Giving radio work a higher profile is the way to start, Anne-Marie
Dave Trott once told someone that he wasn’t interested in working in
radio because it didn’t have any pictures.
It’s a fair comment, if rather an obvious one. But is there any hope of
raising standards in the industry when high-profile creatives such as
Trott don’t even want to try?
The answer is a stereo ‘yes’. However, radio will start making its
biggest strides only when creatives trained exclusively in the medium
are making the ads. And that requires an entirely different set of
skills from TV work.
Radio will never be in-your-face in the way TV or posters are, but as
Nigel Dugdale, group marketing director at A. G. Barr, says: ‘Creatives
have got to find a way of harnessing radio’s ubiquity. I believe if you
can produce a good radio ad, you can do it anywhere.’
Tim Mellors, creative director at Mellors Reay and president of the
Creative Circle, feels so strongly that radio should command a higher
profile in agencies and more recognition as a craft, that, for the first
time, this year’s Creative Circle Student Award scheme is devoted to the
Ask Mellors why he is now starting to champion radio advertising and he
points to last year’s Creative Circle Awards when Howell Henry
Chaldecott Lury carried off the platinum prize for its Tango campaign.
‘I thought: ‘We’ve always ignored radio, maybe it’s time we explored it
a bit more,’’ he says simply.
And what should we make of the maverick commercials director, Tony
Kaye’s, first foray into radio? Kaye, who has made his mark via visual
extravaganzas for clients such as British Airways, Dunlop and more
recently, BT, has signed to direct a series of generic ads for the Radio
Advertising Bureau, together with the Abbott Mead Vickers BBDO
copywriting duo, Tom Carty and Walter Campbell.

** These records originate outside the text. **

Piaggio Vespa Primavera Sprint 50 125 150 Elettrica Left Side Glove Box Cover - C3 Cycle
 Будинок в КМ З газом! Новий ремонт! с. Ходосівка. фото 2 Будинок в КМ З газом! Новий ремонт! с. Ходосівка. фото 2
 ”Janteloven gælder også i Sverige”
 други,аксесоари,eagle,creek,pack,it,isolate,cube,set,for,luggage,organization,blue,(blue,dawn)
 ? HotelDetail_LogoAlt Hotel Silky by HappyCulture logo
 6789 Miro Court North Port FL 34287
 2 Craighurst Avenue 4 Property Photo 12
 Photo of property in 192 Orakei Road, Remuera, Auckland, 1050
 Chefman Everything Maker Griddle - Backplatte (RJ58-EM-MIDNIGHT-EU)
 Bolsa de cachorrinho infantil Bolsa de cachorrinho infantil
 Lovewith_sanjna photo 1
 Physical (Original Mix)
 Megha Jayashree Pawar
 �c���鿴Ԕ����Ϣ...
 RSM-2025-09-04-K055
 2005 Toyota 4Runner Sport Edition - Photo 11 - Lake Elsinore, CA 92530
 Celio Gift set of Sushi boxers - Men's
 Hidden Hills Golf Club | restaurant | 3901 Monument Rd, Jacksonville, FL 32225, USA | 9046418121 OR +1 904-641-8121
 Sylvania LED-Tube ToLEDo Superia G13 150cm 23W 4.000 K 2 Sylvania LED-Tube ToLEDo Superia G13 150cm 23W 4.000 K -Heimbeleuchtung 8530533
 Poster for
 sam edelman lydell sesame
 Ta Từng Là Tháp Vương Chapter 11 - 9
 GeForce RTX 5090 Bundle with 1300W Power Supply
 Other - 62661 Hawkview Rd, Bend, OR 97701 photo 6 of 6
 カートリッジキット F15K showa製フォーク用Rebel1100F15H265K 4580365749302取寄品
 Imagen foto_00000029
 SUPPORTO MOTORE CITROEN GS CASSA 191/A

Some dismiss the whole exercise as mere window-dressing. Mandy Wheeler
of the production company, Mandy Wheeler Sound Productions, is blunt:
‘What happens if Tony Kaye does a bad radio ad? People won’t blame him,
they’ll blame radio. I would say to him, ‘I don’t care if you’ve made
brilliant TV commercials, go away and show me some scripts.’ We’ve got
to dismantle this word ‘creative’.’
Others stress that the first step towards producing great creative work
is to recognise the medium’s parameters. ‘Radio is the most stripped-
down medium. Everything from the sound to how the words tell the story
is so much more important,’ says Giles Keeble, the former creative
director at Leo Burnett, who recently judged the Classic FM radio
In other words, writing for radio is bloody difficult. This factor alone
may help to explain why many TV-trained creatives shy away from such an
aesthetic form, preferring to test their visual mettle through the
latest computer graphic techniques.
Keeble and other aficionados believe working in radio can instill the
sorts of skills that are useful in advertising per se, and even beyond,
namely: writing stories, dialogue, casting and characters. ‘The problem
is it’s hard to do well and you don’t get the foreign location, huge
budget and toys to play with,’ he points out wryly.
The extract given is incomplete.